CVE-2026-3663 is an out-of-bounds read vulnerability identified in the xlnt-community xlnt library, versions up to 1.6.1. The flaw exists in the function xlnt::detail::compound_document_istreambuf::xsgetn within the source/detail/cryptography/compound_document.cpp file, which is part of the XLSX file parser component. This function improperly handles input data, allowing an attacker with local access and low privileges to manipulate the input and cause the program to read memory beyond the intended buffer boundaries. Such out-of-bounds reads can lead to information disclosure, as sensitive memory contents may be exposed, or cause application crashes due to invalid memory access. The vulnerability does not require user interaction and does not escalate privileges or allow remote exploitation, limiting its attack surface. The patch addressing this issue is identified as patch 147 and is recommended to be applied to affected versions 1.6.0 and 1.6.1. No public exploits have been observed in the wild, but the exploit code has been made public, increasing the urgency for remediation. The CVSS 4.0 base score is 4.8, reflecting a medium severity level due to local attack vector and limited impact scope.

The primary impact of CVE-2026-3663 is potential information disclosure and application instability for systems using the vulnerable xlnt library versions. Attackers with local access could exploit this vulnerability to read sensitive memory contents, which might include confidential data or cryptographic material, depending on the application context. This could lead to leakage of sensitive information, undermining confidentiality. Additionally, the out-of-bounds read could cause application crashes or denial of service, affecting availability. However, since exploitation requires local access and low privileges, the risk is mitigated in environments with strict access controls. Organizations relying on xlnt for XLSX file parsing in desktop applications, embedded systems, or server-side processing could face operational disruptions or data exposure if unpatched. The lack of remote exploitability and no requirement for user interaction reduce the likelihood of widespread automated attacks but do not eliminate risk in multi-user or shared environments.

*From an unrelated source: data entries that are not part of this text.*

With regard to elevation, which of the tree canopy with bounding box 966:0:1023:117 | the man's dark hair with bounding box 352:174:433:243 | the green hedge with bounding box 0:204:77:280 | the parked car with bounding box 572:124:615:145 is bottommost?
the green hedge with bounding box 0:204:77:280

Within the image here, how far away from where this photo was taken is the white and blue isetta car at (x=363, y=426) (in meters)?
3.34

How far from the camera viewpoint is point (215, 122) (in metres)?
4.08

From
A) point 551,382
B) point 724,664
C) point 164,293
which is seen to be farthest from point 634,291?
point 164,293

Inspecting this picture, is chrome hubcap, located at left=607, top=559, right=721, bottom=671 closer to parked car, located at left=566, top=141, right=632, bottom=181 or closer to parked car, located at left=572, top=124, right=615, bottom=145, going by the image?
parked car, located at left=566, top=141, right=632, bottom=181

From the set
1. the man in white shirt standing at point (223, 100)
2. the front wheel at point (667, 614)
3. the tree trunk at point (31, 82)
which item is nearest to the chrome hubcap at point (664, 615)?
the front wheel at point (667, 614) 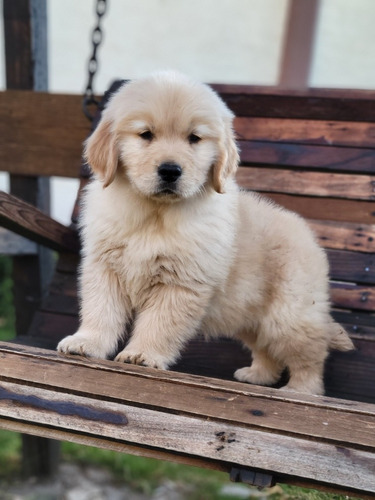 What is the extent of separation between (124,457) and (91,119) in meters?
2.01

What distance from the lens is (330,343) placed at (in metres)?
2.34

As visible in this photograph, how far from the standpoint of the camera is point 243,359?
2676mm

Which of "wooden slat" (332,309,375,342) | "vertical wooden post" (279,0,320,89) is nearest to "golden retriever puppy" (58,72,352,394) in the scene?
"wooden slat" (332,309,375,342)

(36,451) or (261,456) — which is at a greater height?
(261,456)

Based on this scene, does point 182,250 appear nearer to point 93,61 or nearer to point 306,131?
point 306,131

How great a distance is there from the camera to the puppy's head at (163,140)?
1.90 metres

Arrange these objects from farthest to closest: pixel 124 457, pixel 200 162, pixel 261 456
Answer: pixel 124 457 → pixel 200 162 → pixel 261 456

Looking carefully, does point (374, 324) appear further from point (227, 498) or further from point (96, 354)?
point (227, 498)

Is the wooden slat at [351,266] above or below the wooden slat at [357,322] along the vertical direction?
above

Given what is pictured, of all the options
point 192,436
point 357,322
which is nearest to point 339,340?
point 357,322

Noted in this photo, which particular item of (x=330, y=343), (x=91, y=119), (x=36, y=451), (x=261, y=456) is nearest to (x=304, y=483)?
(x=261, y=456)

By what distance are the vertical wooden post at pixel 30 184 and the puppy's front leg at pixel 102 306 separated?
50.6 inches

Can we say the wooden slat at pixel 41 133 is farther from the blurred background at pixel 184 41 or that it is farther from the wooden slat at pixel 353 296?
the blurred background at pixel 184 41

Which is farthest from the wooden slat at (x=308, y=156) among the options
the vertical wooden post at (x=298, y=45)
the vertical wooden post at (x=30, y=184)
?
the vertical wooden post at (x=298, y=45) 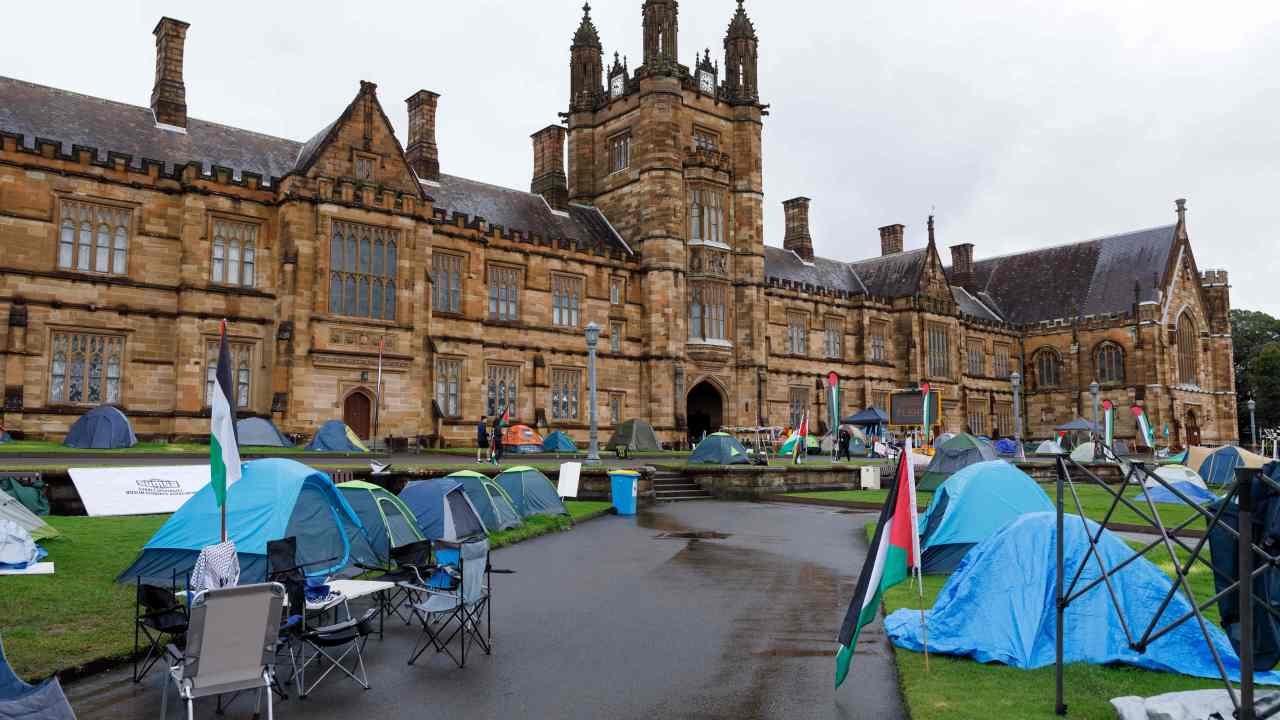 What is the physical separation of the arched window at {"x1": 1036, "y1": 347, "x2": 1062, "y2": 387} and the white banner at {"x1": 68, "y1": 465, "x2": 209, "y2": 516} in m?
58.5

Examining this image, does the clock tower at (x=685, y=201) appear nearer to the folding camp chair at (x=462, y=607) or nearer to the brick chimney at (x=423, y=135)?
the brick chimney at (x=423, y=135)

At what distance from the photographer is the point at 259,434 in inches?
1119

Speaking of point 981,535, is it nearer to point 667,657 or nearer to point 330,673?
point 667,657

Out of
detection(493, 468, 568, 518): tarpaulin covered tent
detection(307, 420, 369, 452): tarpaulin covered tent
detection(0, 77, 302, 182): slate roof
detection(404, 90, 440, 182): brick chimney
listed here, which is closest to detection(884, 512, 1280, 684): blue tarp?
detection(493, 468, 568, 518): tarpaulin covered tent

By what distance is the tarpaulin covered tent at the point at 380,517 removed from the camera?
14.3m

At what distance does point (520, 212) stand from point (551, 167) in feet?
15.3

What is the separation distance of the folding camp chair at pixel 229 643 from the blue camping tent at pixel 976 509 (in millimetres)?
9721

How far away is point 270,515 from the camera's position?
12.0m

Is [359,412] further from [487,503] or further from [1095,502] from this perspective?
[1095,502]

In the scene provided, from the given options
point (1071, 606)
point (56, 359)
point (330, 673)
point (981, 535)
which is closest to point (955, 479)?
point (981, 535)

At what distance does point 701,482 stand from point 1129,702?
22379 millimetres

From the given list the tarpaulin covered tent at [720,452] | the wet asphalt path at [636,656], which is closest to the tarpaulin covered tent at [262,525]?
the wet asphalt path at [636,656]

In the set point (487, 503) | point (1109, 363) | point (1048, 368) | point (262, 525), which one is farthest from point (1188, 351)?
point (262, 525)

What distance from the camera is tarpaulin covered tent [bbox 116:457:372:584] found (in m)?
11.6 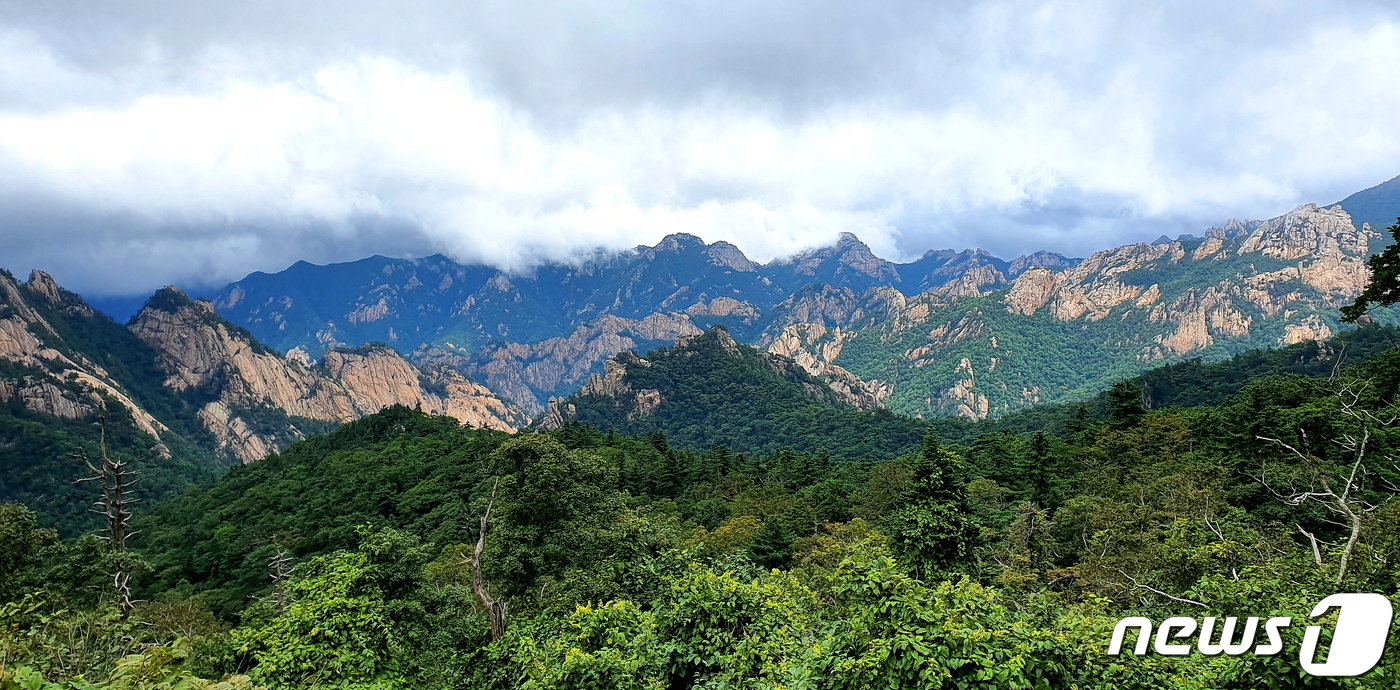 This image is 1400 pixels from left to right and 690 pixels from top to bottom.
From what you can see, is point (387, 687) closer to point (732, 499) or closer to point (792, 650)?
point (792, 650)

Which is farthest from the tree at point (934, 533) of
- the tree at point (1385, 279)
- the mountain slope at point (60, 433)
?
the mountain slope at point (60, 433)

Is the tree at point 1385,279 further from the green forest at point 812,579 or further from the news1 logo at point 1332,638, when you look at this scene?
the news1 logo at point 1332,638

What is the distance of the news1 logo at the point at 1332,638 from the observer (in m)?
9.10

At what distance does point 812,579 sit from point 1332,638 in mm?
23139

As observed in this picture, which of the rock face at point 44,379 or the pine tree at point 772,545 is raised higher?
the pine tree at point 772,545

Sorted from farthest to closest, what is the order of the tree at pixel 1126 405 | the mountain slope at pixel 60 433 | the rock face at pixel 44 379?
the rock face at pixel 44 379, the mountain slope at pixel 60 433, the tree at pixel 1126 405

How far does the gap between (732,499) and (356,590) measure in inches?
2337

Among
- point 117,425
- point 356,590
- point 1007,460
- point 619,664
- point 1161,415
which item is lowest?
point 117,425

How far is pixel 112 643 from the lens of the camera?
1978 cm

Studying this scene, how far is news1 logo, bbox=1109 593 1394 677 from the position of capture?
9.10 m

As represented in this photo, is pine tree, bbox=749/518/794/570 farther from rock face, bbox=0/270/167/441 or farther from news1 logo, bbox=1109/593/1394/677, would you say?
rock face, bbox=0/270/167/441

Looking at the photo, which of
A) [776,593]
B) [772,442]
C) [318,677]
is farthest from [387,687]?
[772,442]

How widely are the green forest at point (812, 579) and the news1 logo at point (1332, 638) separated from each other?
22 cm

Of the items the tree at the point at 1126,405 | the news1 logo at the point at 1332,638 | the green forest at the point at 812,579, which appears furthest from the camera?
the tree at the point at 1126,405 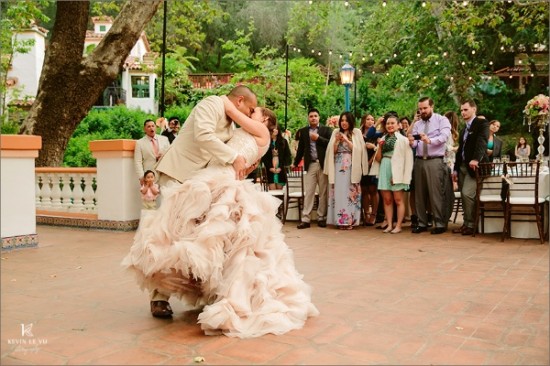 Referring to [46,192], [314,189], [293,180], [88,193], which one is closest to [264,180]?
[293,180]

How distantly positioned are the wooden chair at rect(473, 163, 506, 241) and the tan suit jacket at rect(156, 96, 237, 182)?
17.3ft

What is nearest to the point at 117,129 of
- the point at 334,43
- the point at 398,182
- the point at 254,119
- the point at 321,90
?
the point at 321,90

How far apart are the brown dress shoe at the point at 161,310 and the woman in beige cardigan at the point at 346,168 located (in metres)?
5.85

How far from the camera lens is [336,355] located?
138 inches

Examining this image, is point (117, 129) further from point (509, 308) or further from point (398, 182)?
point (509, 308)

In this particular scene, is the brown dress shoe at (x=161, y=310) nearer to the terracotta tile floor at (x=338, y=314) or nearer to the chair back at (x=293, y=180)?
the terracotta tile floor at (x=338, y=314)

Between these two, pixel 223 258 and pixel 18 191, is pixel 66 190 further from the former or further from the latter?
pixel 223 258

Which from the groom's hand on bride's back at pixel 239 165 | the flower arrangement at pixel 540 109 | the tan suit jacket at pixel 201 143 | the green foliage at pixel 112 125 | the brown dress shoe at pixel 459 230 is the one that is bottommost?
the brown dress shoe at pixel 459 230

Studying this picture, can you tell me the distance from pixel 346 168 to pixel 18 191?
4969mm

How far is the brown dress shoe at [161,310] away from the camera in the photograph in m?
4.37

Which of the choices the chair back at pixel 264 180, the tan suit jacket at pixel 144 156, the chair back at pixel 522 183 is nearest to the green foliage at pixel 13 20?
the tan suit jacket at pixel 144 156

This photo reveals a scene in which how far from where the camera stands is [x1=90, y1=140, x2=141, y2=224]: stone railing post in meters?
9.96

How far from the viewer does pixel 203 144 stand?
4398 millimetres

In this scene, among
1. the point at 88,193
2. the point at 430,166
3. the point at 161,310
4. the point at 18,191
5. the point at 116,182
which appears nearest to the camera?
the point at 161,310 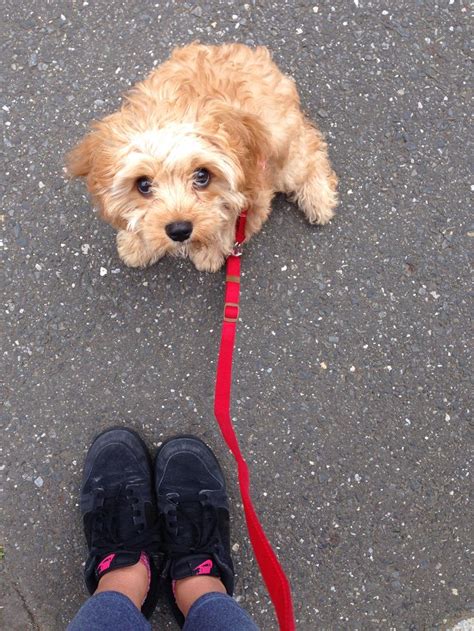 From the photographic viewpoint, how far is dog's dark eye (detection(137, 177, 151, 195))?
6.38 ft

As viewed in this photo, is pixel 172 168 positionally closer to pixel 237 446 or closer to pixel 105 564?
pixel 237 446

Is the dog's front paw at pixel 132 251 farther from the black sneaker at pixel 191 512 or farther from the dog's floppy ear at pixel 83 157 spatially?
the black sneaker at pixel 191 512

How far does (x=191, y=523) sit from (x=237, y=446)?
64 cm

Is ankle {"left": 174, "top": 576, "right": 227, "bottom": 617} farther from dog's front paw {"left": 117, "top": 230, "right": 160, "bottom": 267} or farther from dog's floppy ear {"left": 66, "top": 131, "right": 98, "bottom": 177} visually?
dog's floppy ear {"left": 66, "top": 131, "right": 98, "bottom": 177}

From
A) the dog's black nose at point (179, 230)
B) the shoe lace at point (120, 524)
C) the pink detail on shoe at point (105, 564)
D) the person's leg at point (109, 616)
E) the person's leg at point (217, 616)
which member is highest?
the dog's black nose at point (179, 230)

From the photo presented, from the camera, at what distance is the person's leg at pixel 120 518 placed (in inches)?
98.7

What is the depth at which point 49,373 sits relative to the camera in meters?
2.77

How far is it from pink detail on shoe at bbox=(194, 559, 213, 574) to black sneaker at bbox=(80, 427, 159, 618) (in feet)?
0.76

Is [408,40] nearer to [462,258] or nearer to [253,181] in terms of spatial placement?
A: [462,258]

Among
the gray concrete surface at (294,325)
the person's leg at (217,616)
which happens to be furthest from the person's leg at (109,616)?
the gray concrete surface at (294,325)

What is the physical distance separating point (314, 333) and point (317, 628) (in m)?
1.41

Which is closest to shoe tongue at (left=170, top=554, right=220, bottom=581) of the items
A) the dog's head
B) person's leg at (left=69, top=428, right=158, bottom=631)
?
person's leg at (left=69, top=428, right=158, bottom=631)

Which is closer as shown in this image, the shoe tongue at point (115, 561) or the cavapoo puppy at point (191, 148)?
the cavapoo puppy at point (191, 148)

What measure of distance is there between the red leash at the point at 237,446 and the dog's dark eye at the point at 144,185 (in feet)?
1.62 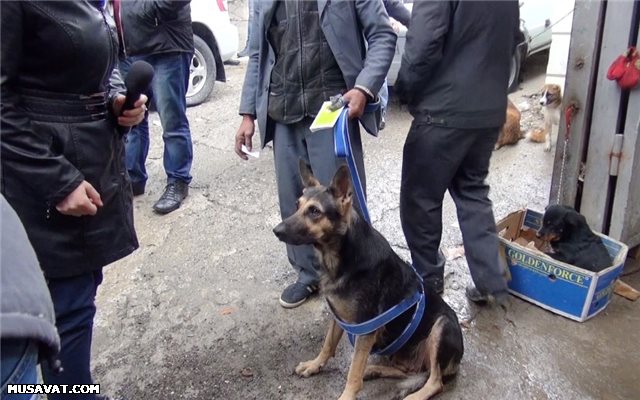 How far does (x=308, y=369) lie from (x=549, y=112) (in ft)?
13.3

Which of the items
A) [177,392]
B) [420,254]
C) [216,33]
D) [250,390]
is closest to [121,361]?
[177,392]

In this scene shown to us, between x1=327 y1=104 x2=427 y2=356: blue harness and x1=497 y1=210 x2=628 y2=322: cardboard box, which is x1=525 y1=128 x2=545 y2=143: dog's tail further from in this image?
x1=327 y1=104 x2=427 y2=356: blue harness

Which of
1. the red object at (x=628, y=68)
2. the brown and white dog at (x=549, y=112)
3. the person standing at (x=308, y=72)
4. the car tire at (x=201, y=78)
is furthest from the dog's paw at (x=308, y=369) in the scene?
the car tire at (x=201, y=78)

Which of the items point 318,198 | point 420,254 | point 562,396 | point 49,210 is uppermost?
point 49,210

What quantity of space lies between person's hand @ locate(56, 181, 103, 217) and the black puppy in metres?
2.52

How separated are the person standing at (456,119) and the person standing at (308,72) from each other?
0.77 ft

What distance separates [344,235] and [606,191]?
198 cm

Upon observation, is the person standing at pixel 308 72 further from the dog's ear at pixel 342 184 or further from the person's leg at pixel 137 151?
the person's leg at pixel 137 151

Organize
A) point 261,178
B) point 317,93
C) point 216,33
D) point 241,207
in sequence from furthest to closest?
point 216,33, point 261,178, point 241,207, point 317,93

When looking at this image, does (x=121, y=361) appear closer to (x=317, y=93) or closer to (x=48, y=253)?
(x=48, y=253)

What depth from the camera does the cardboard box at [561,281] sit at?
3016 millimetres

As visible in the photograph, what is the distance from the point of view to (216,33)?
22.8 feet

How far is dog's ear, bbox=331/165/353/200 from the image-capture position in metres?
2.39

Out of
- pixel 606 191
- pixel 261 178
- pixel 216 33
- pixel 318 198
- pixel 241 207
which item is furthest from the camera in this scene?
pixel 216 33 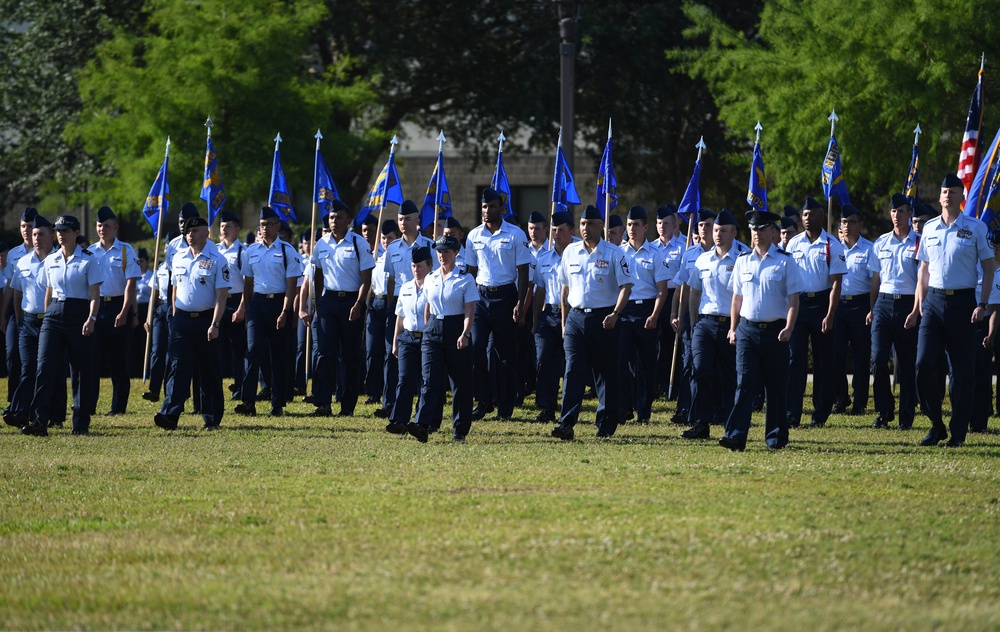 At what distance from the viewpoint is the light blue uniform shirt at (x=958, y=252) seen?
1201 centimetres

To mitigate CVE-2026-3663, organizations should immediately apply the official patch (patch 147) provided by the xlnt-community to upgrade affected versions 1.6.0 and 1.6.1 to a fixed release. In environments where patching is delayed, restrict local access to systems running vulnerable xlnt versions by enforcing strict user permissions and access controls. Employ application whitelisting and monitoring to detect unusual file parsing activities that might indicate exploitation attempts. Conduct code audits and fuzz testing on custom integrations using xlnt to identify any additional parsing weaknesses. Educate users about the risks of opening untrusted XLSX files locally, especially in multi-user systems. Maintain up-to-date backups and incident response plans to quickly recover from potential crashes or data leaks. Finally, monitor threat intelligence sources for any emerging exploit activity related to this vulnerability.